### What is required
Output the listing word for word, minus pictures.
################
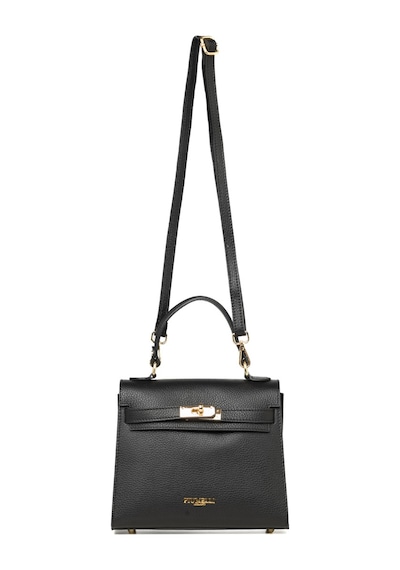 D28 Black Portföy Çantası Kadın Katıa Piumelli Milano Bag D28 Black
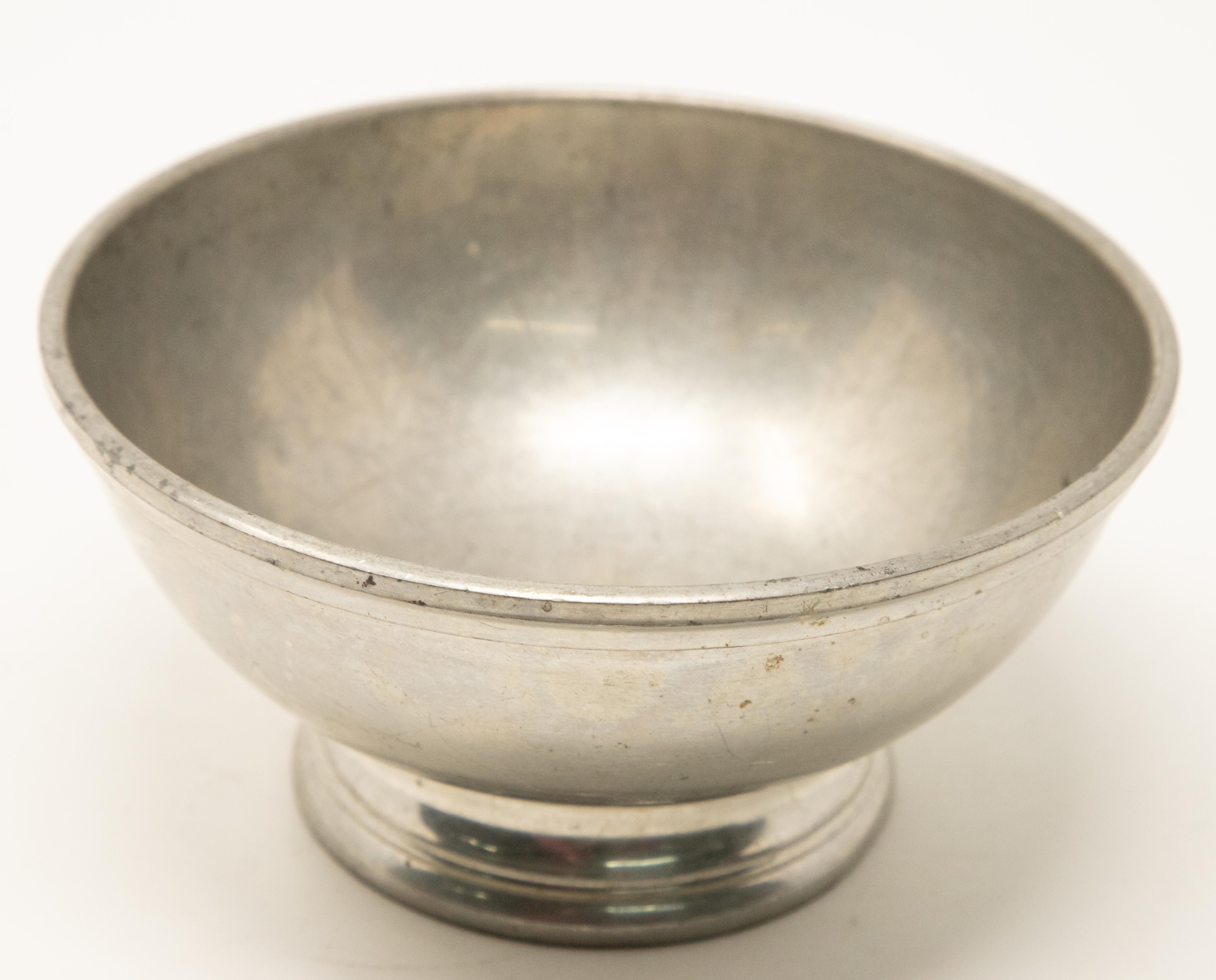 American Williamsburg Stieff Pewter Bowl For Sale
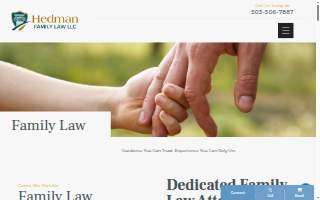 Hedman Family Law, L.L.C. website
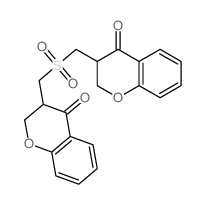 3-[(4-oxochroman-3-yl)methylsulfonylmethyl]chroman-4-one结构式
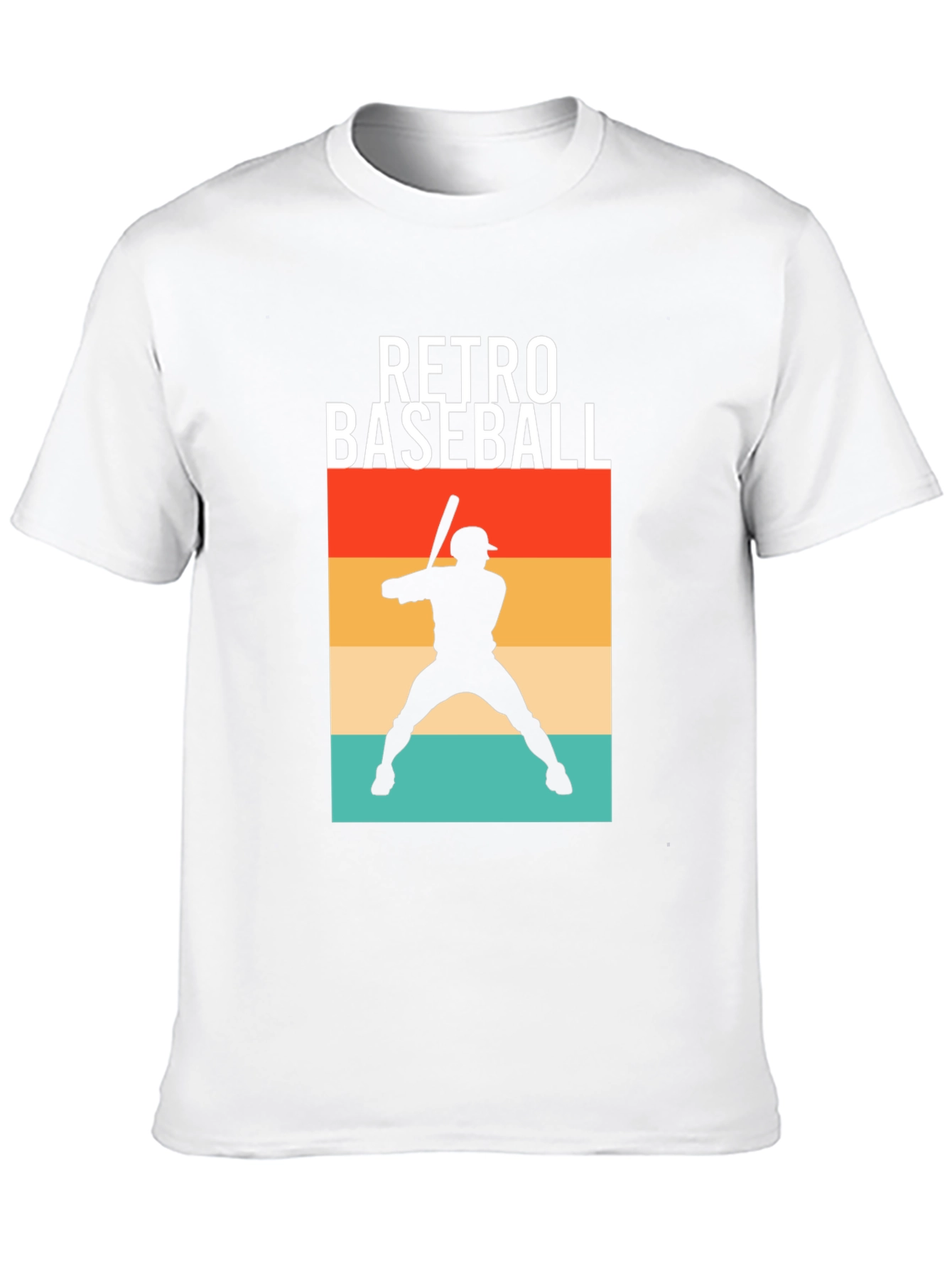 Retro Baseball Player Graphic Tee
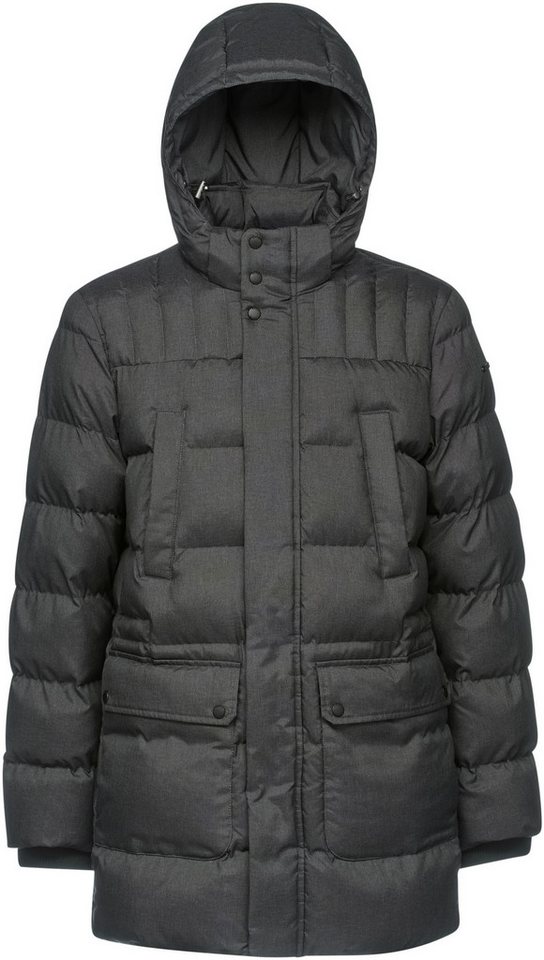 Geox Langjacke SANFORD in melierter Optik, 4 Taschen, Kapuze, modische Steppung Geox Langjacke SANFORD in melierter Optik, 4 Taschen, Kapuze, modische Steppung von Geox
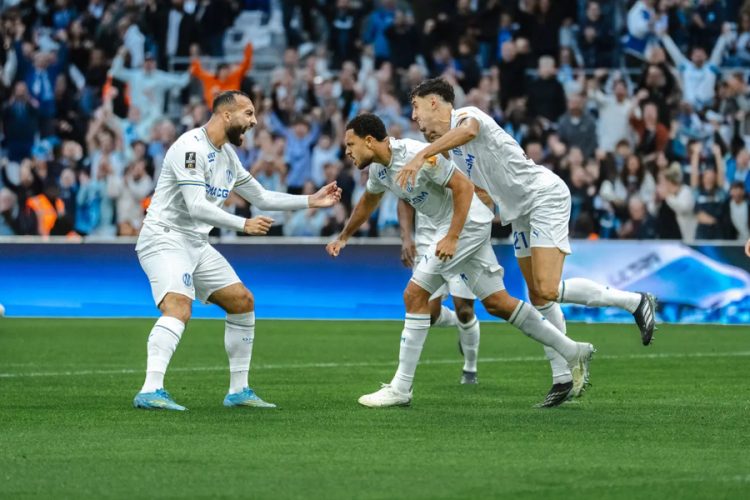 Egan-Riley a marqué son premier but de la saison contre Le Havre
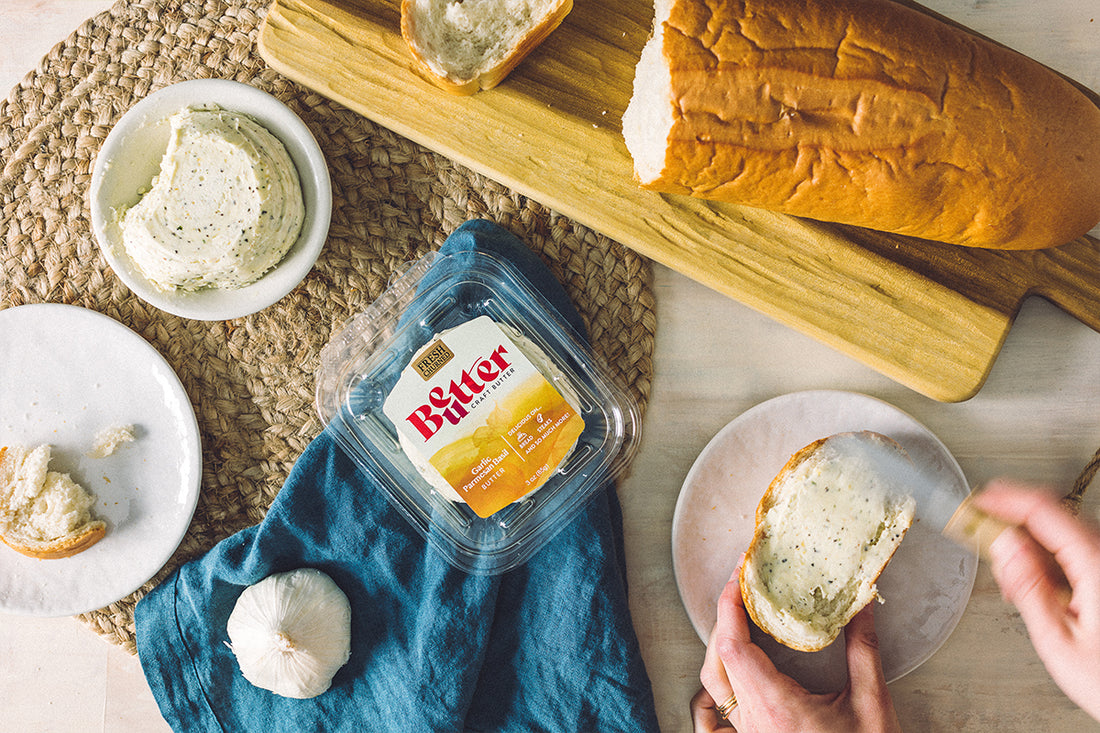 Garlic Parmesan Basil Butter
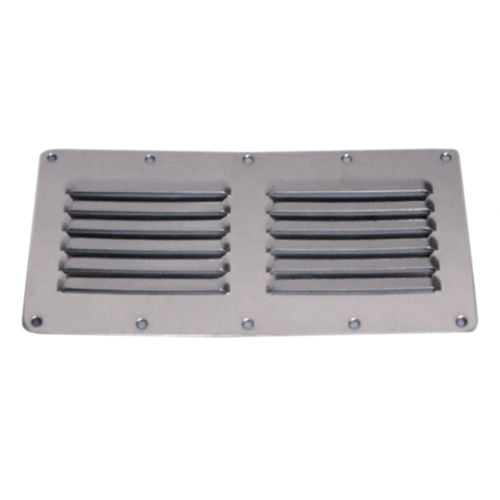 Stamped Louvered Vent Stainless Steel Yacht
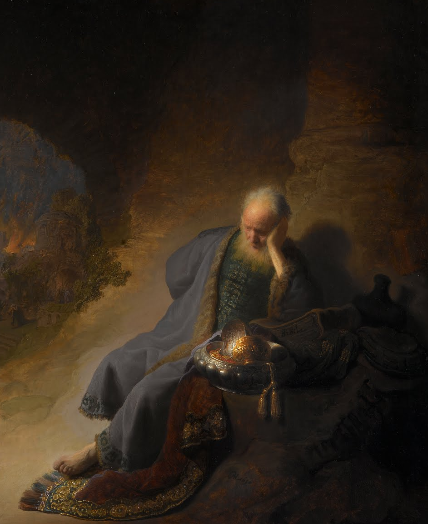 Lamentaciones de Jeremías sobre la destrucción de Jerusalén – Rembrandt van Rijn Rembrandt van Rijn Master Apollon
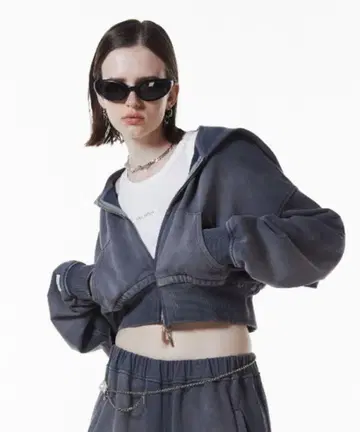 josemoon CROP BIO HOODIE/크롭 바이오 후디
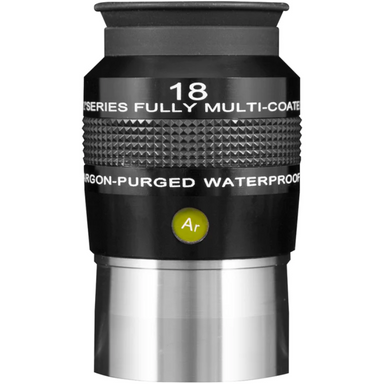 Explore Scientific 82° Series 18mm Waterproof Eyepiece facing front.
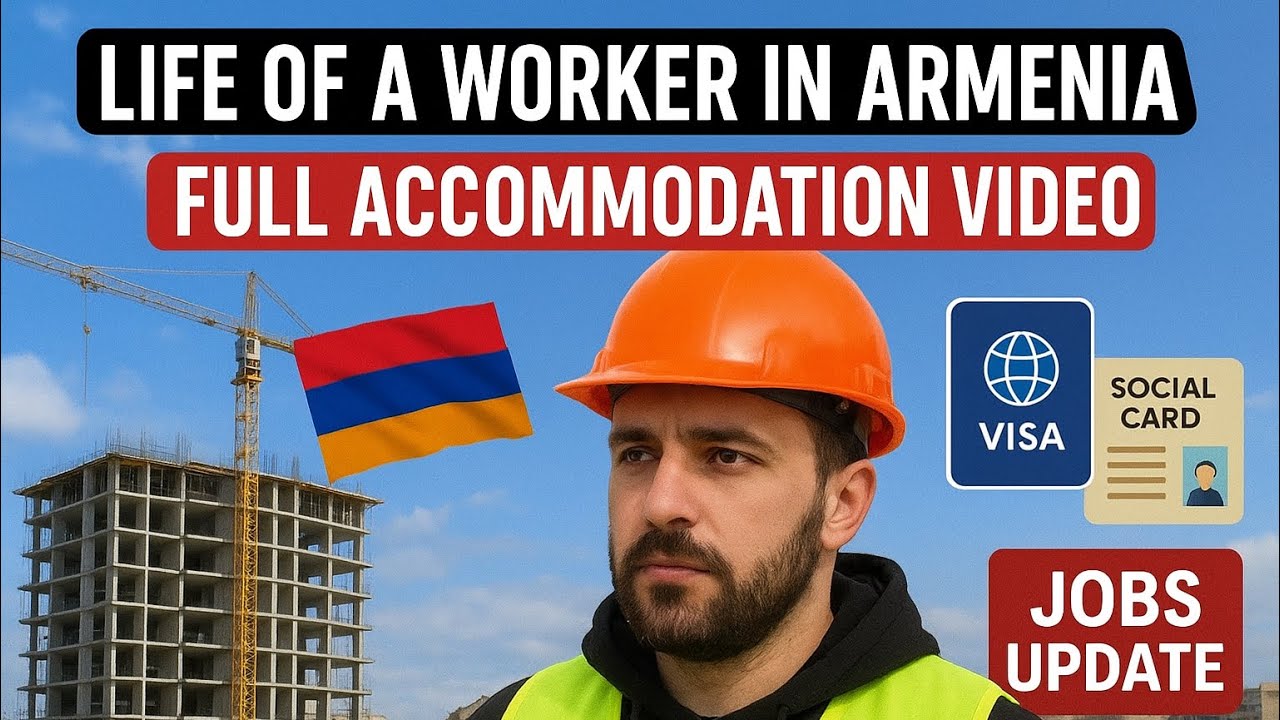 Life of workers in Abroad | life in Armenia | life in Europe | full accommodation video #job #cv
################
### Reply to the task
 D28 Black Portföy Çantası Kadın Katıa Piumelli Milano Bag D28 Black
 American Williamsburg Stieff Pewter Bowl For Sale
 Hedman Family Law, L.L.C. website
 3-[(4-oxochroman-3-yl)methylsulfonylmethyl]chroman-4-one结构式
 Retro Baseball Player Graphic Tee
 Geox Langjacke SANFORD in melierter Optik, 4 Taschen, Kapuze, modische Steppung Geox Langjacke SANFORD in melierter Optik, 4 Taschen, Kapuze, modische Steppung von Geox
 Egan-Riley a marqué son premier but de la saison contre Le Havre
 Garlic Parmesan Basil Butter
 Stamped Louvered Vent Stainless Steel Yacht
 Lamentaciones de Jeremías sobre la destrucción de Jerusalén – Rembrandt van Rijn Rembrandt van Rijn Master Apollon
 josemoon CROP BIO HOODIE/크롭 바이오 후디
 Explore Scientific 82° Series 18mm Waterproof Eyepiece facing front.
 Life of workers in Abroad | life in Armenia | life in Europe | full accommodation video #job #cv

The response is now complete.